Monday, 30 September 2013

100 Calorie Chocolate Cupcakes with Chocolate Cream Cheese Glaze - Gluten Free

I came across this website on the topped with cinnamon website and thought i just had to try make them with gluten free flour. They were very moist and you couldn't even tell they had carrot in them, very light and fluffy too. Such a nice healthier alternative to other chocolate cupcake recipes, highly recommend! The cream cheese glaze was a bit running and drizzled down a few of the cupcakes but other than that was really nice. The original recipe didn't have the milk which i added, which made it lighter but more running so don't add the milk if you want a thicker icing.
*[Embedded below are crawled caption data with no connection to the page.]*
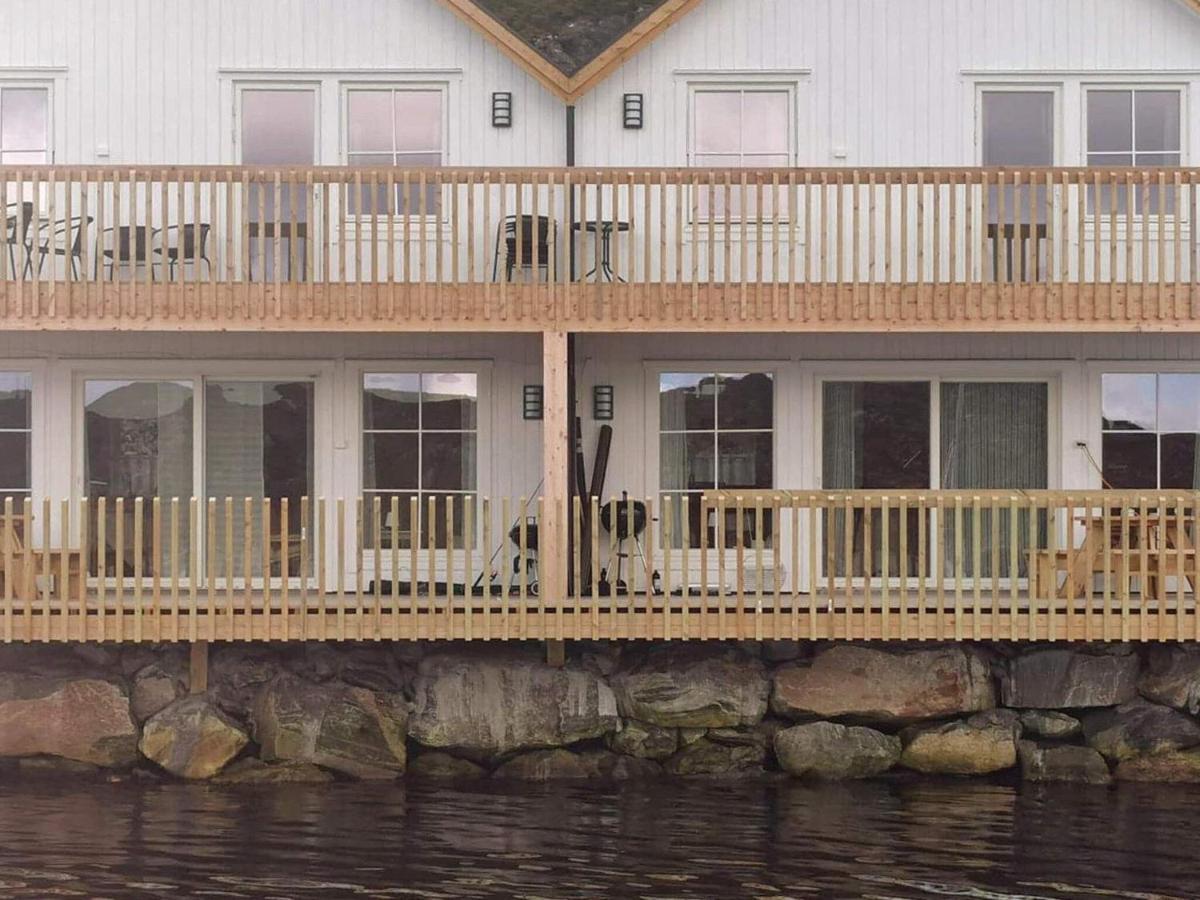 6 Person Holiday Home In Kverva Dyrvik Exterior photo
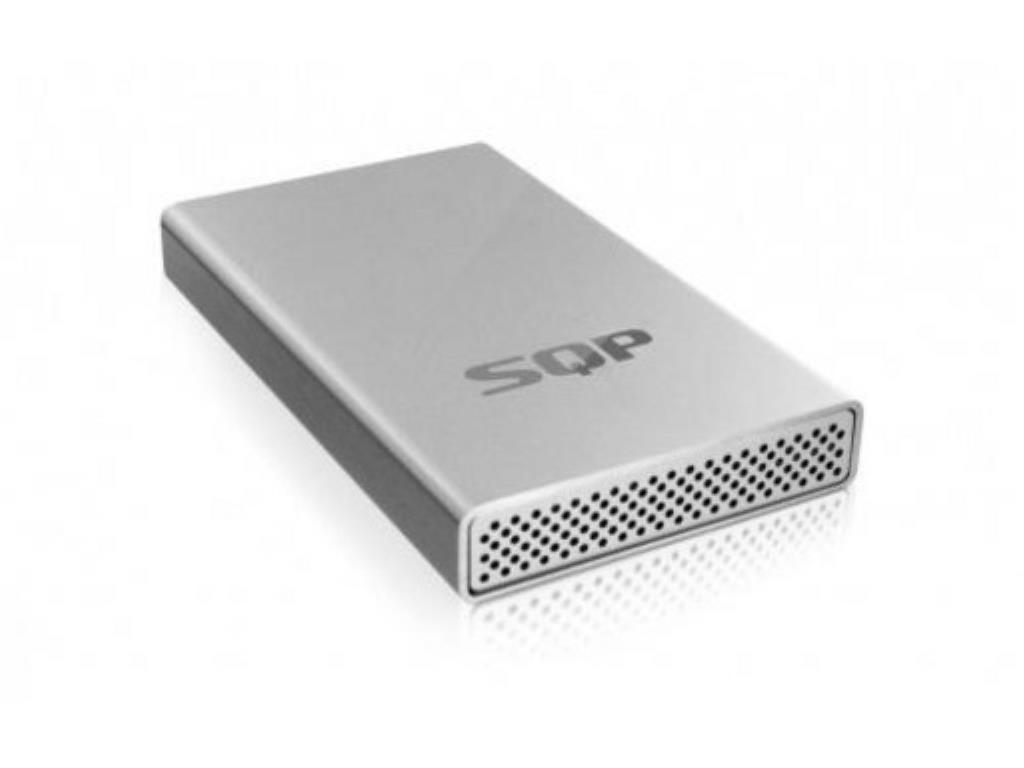 Alimentazione per box FireWire - Indispensabile per il collegamento a portatile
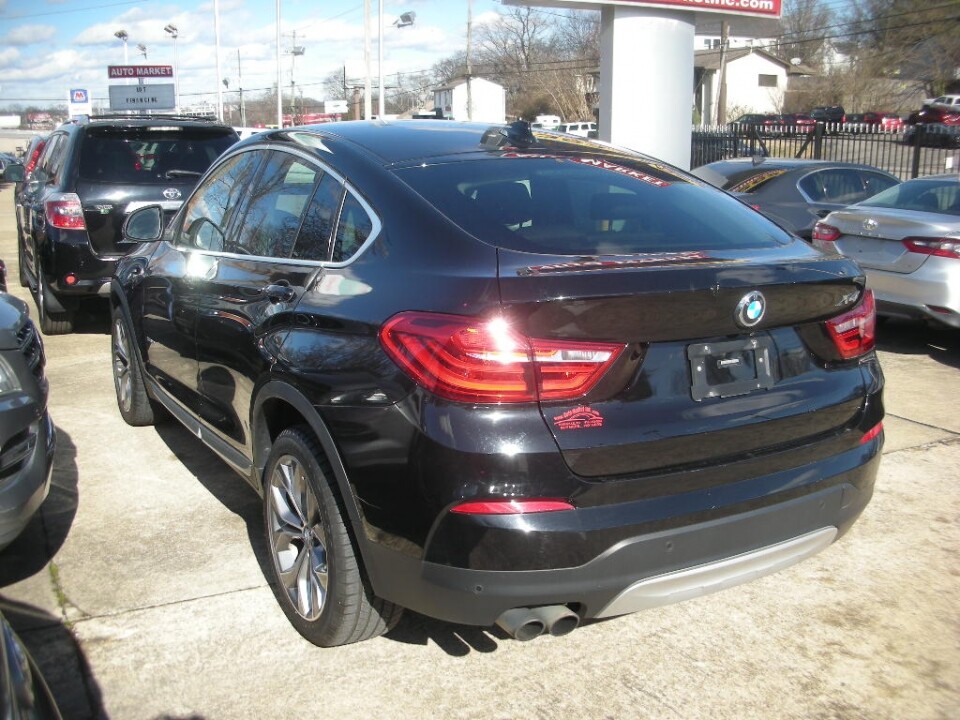 2015 BMW X4 in Nashville, TN 37209 - 18095828 3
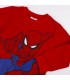 CHANDAL COTTON BRUSHED SPIDERMAN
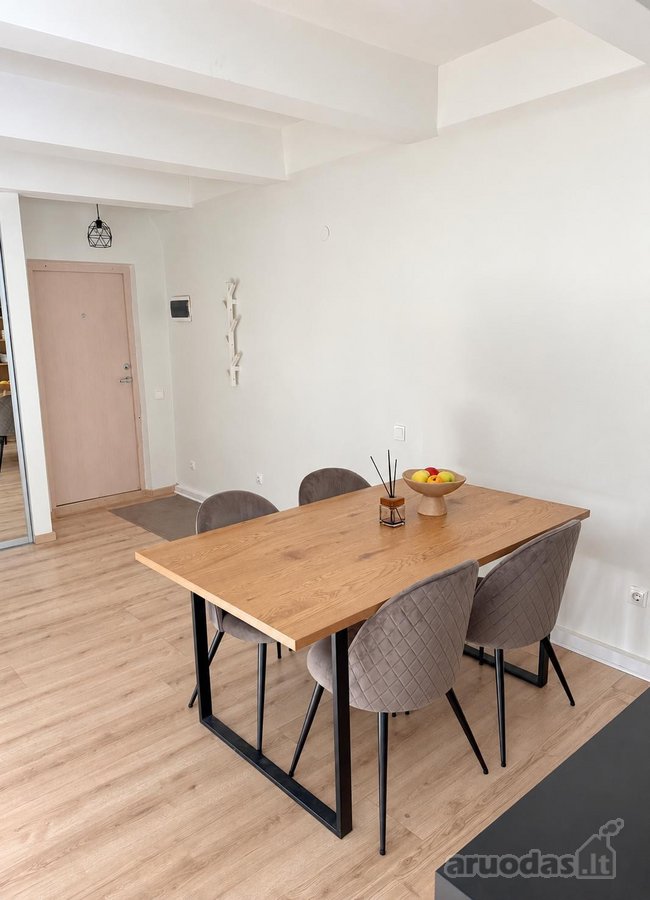 Parduodamas Erdvus 54,28 m² Butas - nuotraukos Nr. 4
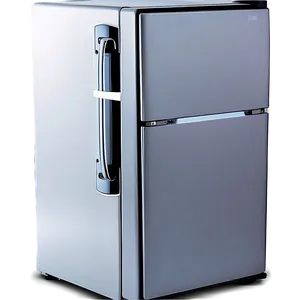 Mini Fridge With Ice Maker Png Ipb PNG Image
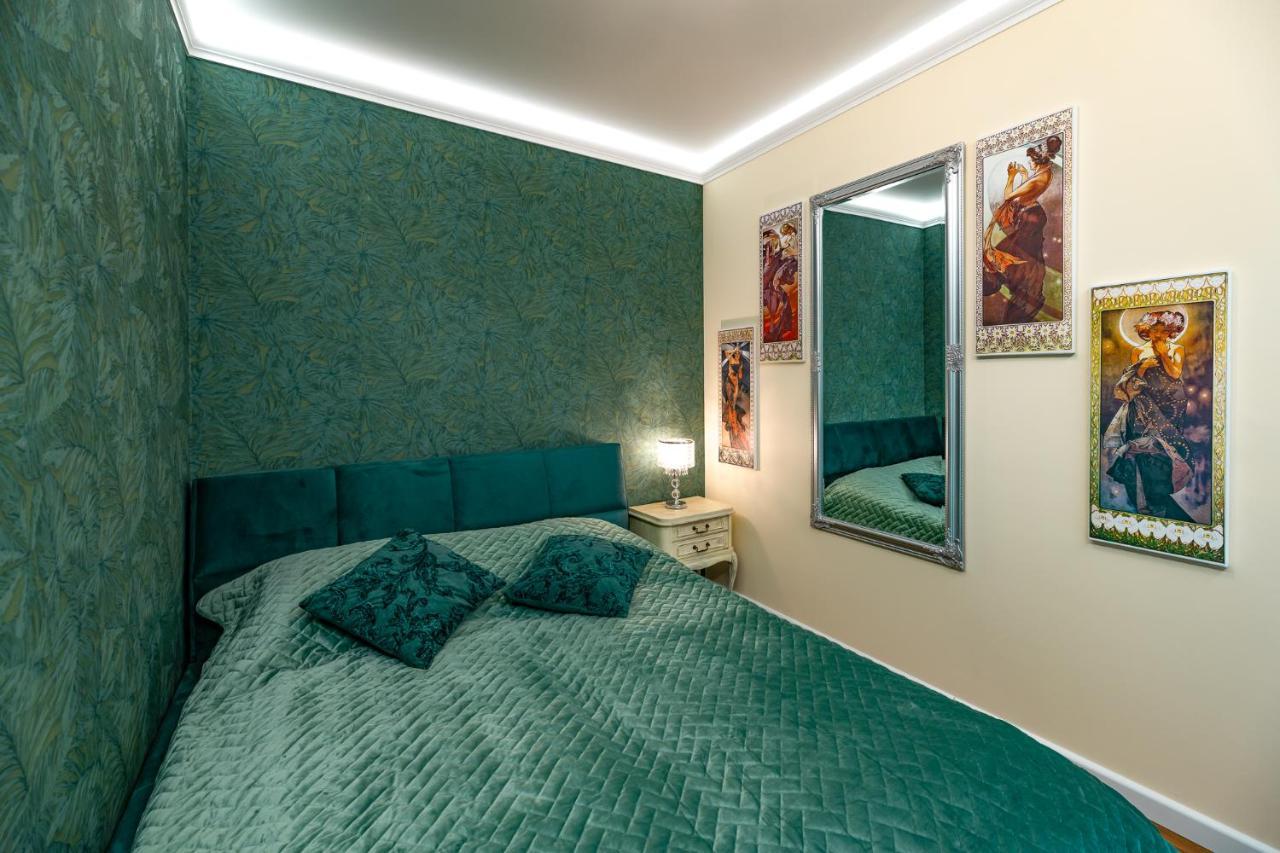Zegrze Poludniowe Zielony Apartament Pod Zaglami מראה חיצוני תמונה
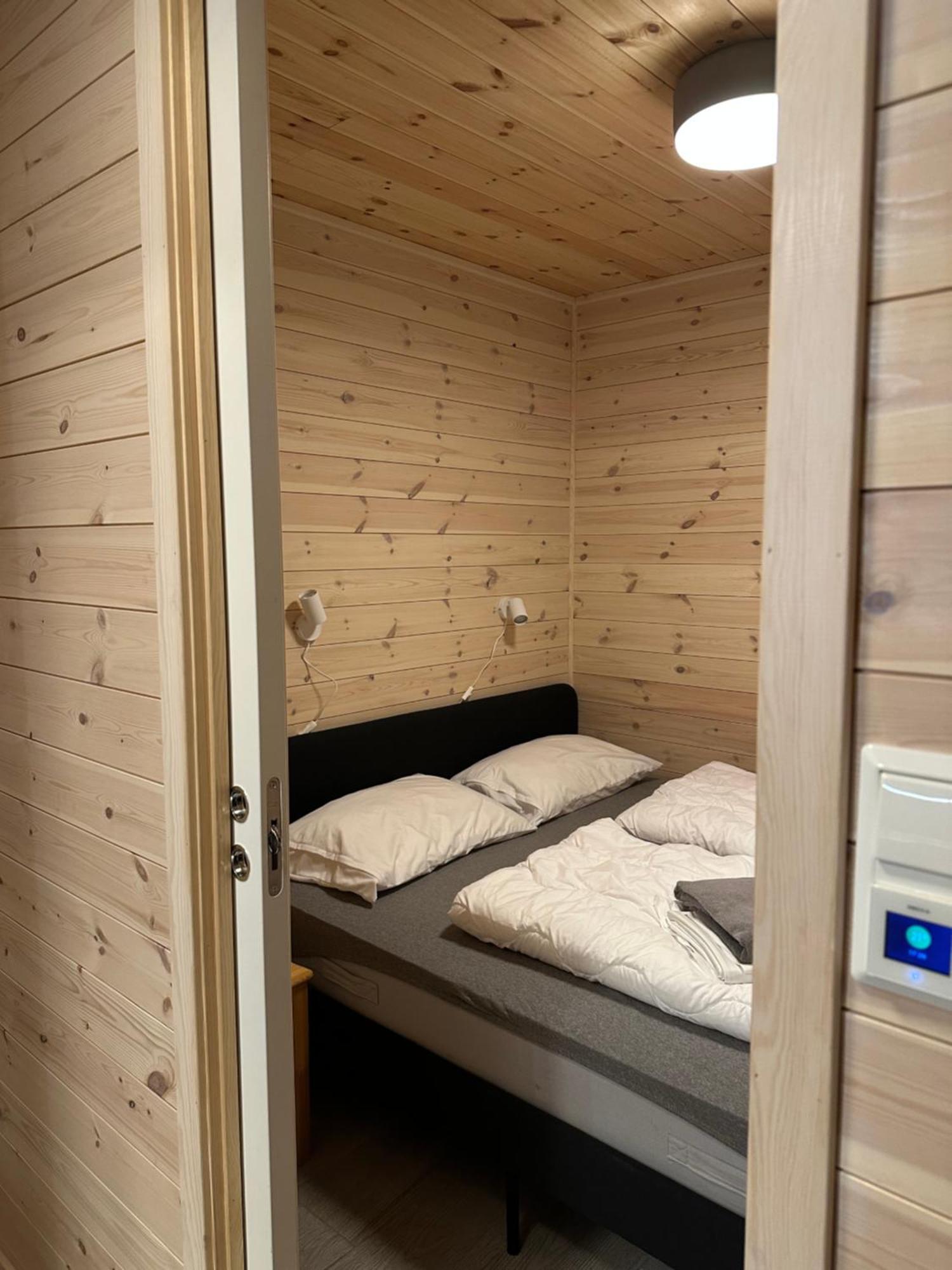 Haugo Utleige Lodge Voss Екстериор снимка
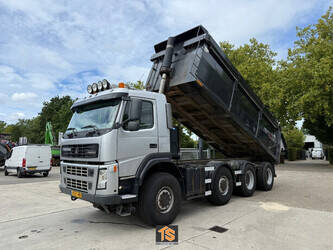 Image for TIPPERS 2008 Terberg FM2000-T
ENJOY

For the cupcakes:

1/2 cup (125 ml) finely grated carrot
2 tbsp coconut oil, melted
1 egg
1/2 cup (125 ml) low fat plain yogurt or low fat buttermilk
1 cup  (110g) all purpose gluten free flour 
1 tsp baking powder
3/4 tsp baking soda
1/4 tsp salt
1/2 cup (100g) sugar
1/2 cup (50 g) cocoa powder
1/2 cup (125 ml) hot water

For the chocolate cream cheese frosting:
1/2 cup (50g) powdered sugar
1 1/2 tbsp cocoa powder
1 1/2 tbsp light cream cheese
1 tbsp light milk

Preheat your oven to 350 degrees F (180 degrees C).
Put the finely grated carrot into a fine mesh strainer. Hold the strainer over a sink and squeeze the grated carrot to remove as much liquid as possible. Place into a medium bowl.
To the bowl, add the melted oil, egg and yogurt/buttermilk and stir in. Add the next 6 ingredients (flour through to cocoa powder) and stir in. Lastly, stir in the hot water until just combined.

Divide the batter between 12 lined muffin cups. Bake for 14-15 minutes (or until a toothpick comes out clean). Cool on a wire rack.
For the frosting, combine all the ingredients in a small bowl until smooth. Use about 2 tsp to frost each cupcake.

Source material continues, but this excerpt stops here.